• [Your assignment]
Return all of the entries exactly, but do not include the pictures.

• [Dataset entries]
• • • • • • •
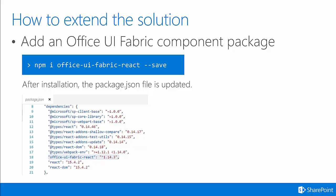When you do that, it will download the Office UI Fabric Component Package, put it on your machine, and then after installation is done, it will update the package.json file, as you can see in the screenshot here, to indicate that the Office UI Fabric React component was installed.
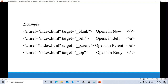For example, if I place target equals to blank: 'a href equals to index.html, target equals to blank' — the index.html page is linked and opens in a new window or new tab. If I place target equals to self, this index.html page opens in the same window where I clicked. Next, target equals to parent opens in a parent frame. Target equals to top opens in the full body of the window.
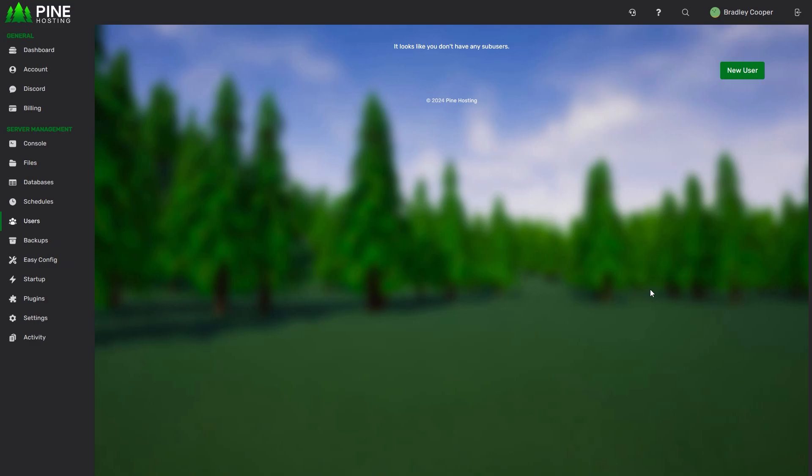Welcome to the Pinehosting users page. From here you can add all the sub-users you'll ever need to give access to your server. You can also set individual permissions for each of them to make sure that they only have access to what you want them to have.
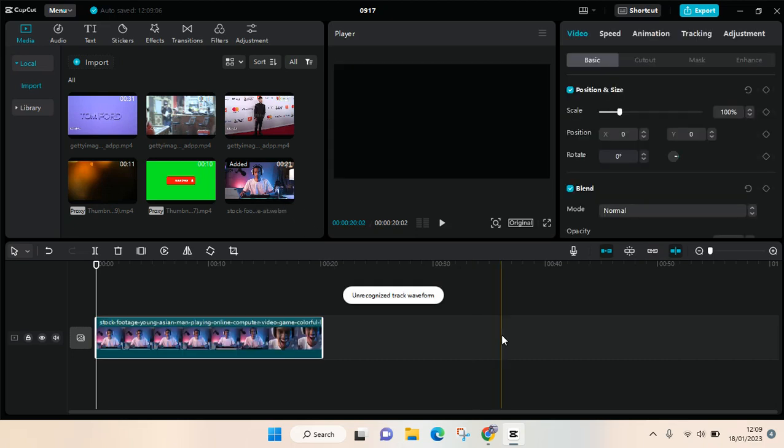Hi guys, welcome back to this channel. In this video I'm going to show you how to use shortcuts in CapCut PC. To see the list of shortcuts that you can use in CapCut PC, you can just click on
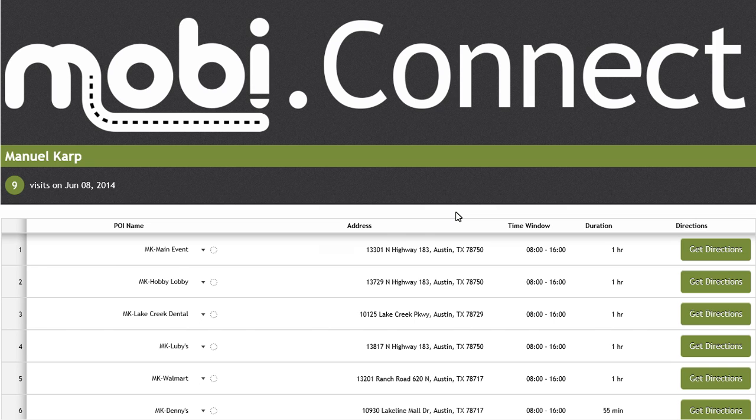In the MobiConnect application, the first thing you will notice is the driver's name listed on the left-hand side of the screen, along with the amount of service orders to be completed in that current day.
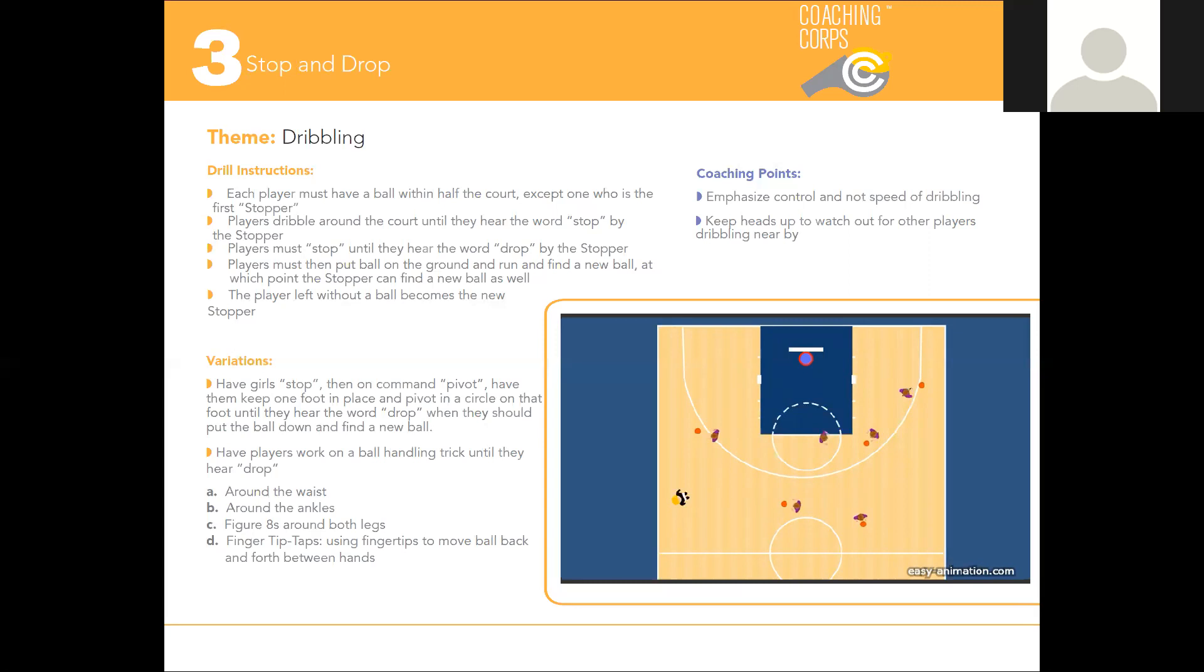Some coaching points: focus on fundamentals, dribbling with the fingertips, close control of the ball, and keeping their head up. Also have your athletes focus on control and not on speed.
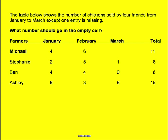Here's another one. This table shows the number of chickens sold by four friends from January to March, except one entry is missing. What number should go in the empty cell? In your notebook, you're going to write down Michael and then the missing number for March. If you need to pause it, you just pause it to answer the question.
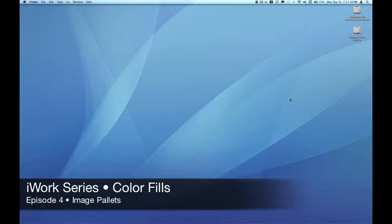Hello, this is Pete. Welcome to the EmpowerCast iWork series. This is episode 4 of a 12-part series on the Colors Inspector.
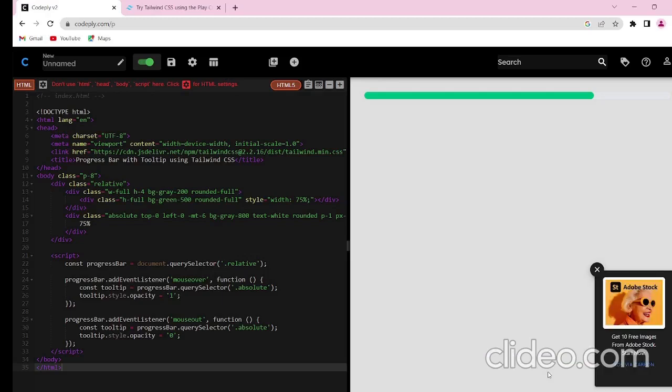Hey there, welcome back to our channel. In today's video we will be creating a progress bar with a tooltip using only Tailwind CSS. Tooltips are a common element in web design that usually represents the completion or progress of a task. Having a tooltip enhances the user experience by providing additional information, so let's dive right into it.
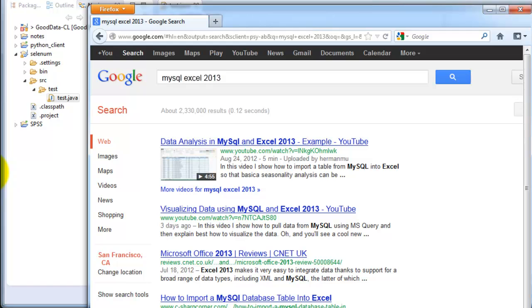In the next video in this series, I'll show you how to actually start using JUnit to conduct unit testing in conjunction with WebDriver. Alright, thanks for watching.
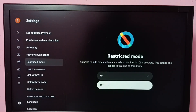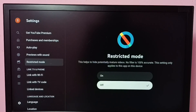Then press the OK button on the remote. Done — I have now disabled restricted mode. This is how we can turn on or off restricted mode in the YouTube app. I hope you enjoyed this video.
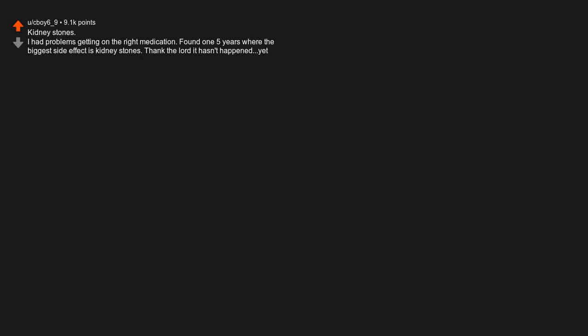Kidney stones. I had problems getting on the right medication. Found one five years where the biggest side effect is kidney stones. Thank the lord it hasn't happened yet. Jury duty, cancer, addiction, and pregnancy so far.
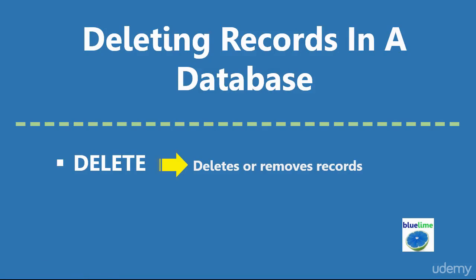Hello and welcome to this lecture on deleting records in a database. Often when you work with databases, you will be required to delete or remove records from a database table. The way to do this is to use the SQL or T-SQL DELETE command to remove the unwanted records from the database table.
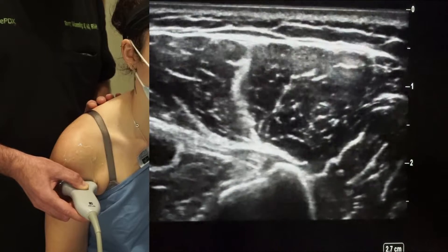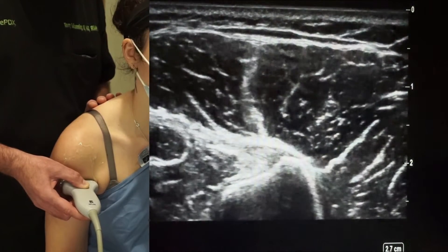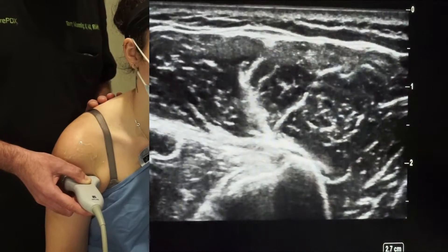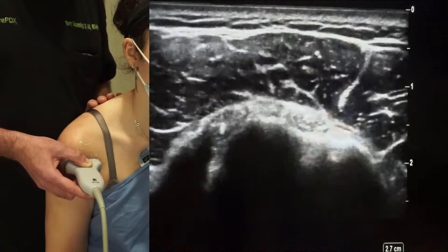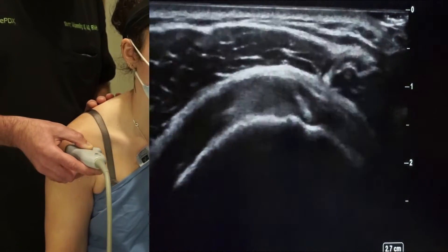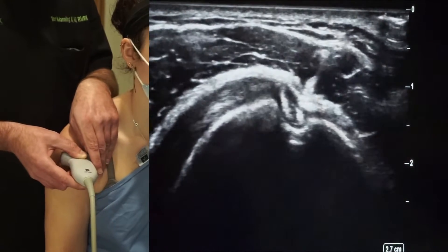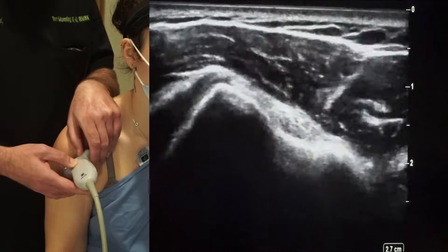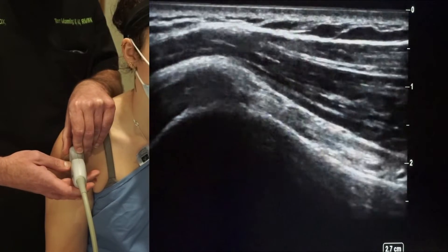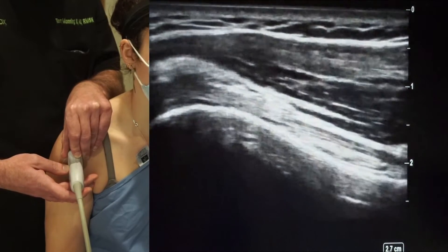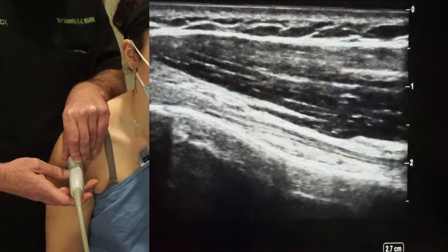For the biceps tendon, we go down here to the pectoralis major insertion on the humerus, and the biceps tendon is deep to that. We follow it up along into the bicipital groove and then into the rotator interval, scanning everything in two planes. Here we're short axis on the biceps tendon, then we rotate the probe 90 degrees and go long axis on the tendon so we can see the tendon sheath in better detail and make sure we don't miss any fluid accumulation.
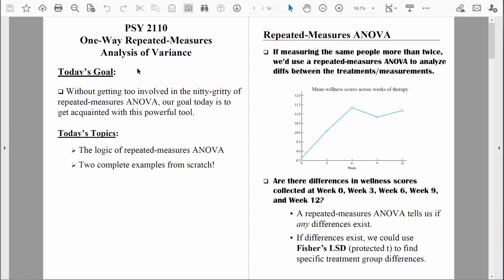Welcome back everybody. Let's continue to talk about the one-way repeated measures analysis of variance. In our last video we talked about the basic logic of the test. This time let's go through our first example.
• • • • • • •
• [Solution to the problem]
When you do that, it will download the Office UI Fabric Component Package, put it on your machine, and then after installation is done, it will update the package.json file, as you can see in the screenshot here, to indicate that the Office UI Fabric React component was installed.
For example, if I place target equals to blank: 'a href equals to index.html, target equals to blank' — the index.html page is linked and opens in a new window or new tab. If I place target equals to self, this index.html page opens in the same window where I clicked. Next, target equals to parent opens in a parent frame. Target equals to top opens in the full body of the window.
Welcome to the Pinehosting users page. From here you can add all the sub-users you'll ever need to give access to your server. You can also set individual permissions for each of them to make sure that they only have access to what you want them to have.
Hi guys, welcome back to this channel. In this video I'm going to show you how to use shortcuts in CapCut PC. To see the list of shortcuts that you can use in CapCut PC, you can just click on
In the MobiConnect application, the first thing you will notice is the driver's name listed on the left-hand side of the screen, along with the amount of service orders to be completed in that current day.
Some coaching points: focus on fundamentals, dribbling with the fingertips, close control of the ball, and keeping their head up. Also have your athletes focus on control and not on speed.
Here's another one. This table shows the number of chickens sold by four friends from January to March, except one entry is missing. What number should go in the empty cell? In your notebook, you're going to write down Michael and then the missing number for March. If you need to pause it, you just pause it to answer the question.
Hello, this is Pete. Welcome to the EmpowerCast iWork series. This is episode 4 of a 12-part series on the Colors Inspector.
Hey there, welcome back to our channel. In today's video we will be creating a progress bar with a tooltip using only Tailwind CSS. Tooltips are a common element in web design that usually represents the completion or progress of a task. Having a tooltip enhances the user experience by providing additional information, so let's dive right into it.
In the next video in this series, I'll show you how to actually start using JUnit to conduct unit testing in conjunction with WebDriver. Alright, thanks for watching.
Then press the OK button on the remote. Done — I have now disabled restricted mode. This is how we can turn on or off restricted mode in the YouTube app. I hope you enjoyed this video.
Kidney stones. I had problems getting on the right medication. Found one five years where the biggest side effect is kidney stones. Thank the lord it hasn't happened yet. Jury duty, cancer, addiction, and pregnancy so far.
Hello and welcome to this lecture on deleting records in a database. Often when you work with databases, you will be required to delete or remove records from a database table. The way to do this is to use the SQL or T-SQL DELETE command to remove the unwanted records from the database table.
For the biceps tendon, we go down here to the pectoralis major insertion on the humerus, and the biceps tendon is deep to that. We follow it up along into the bicipital groove and then into the rotator interval, scanning everything in two planes. Here we're short axis on the biceps tendon, then we rotate the probe 90 degrees and go long axis on the tendon so we can see the tendon sheath in better detail and make sure we don't miss any fluid accumulation.
Welcome back everybody. Let's continue to talk about the one-way repeated measures analysis of variance. In our last video we talked about the basic logic of the test. This time let's go through our first example.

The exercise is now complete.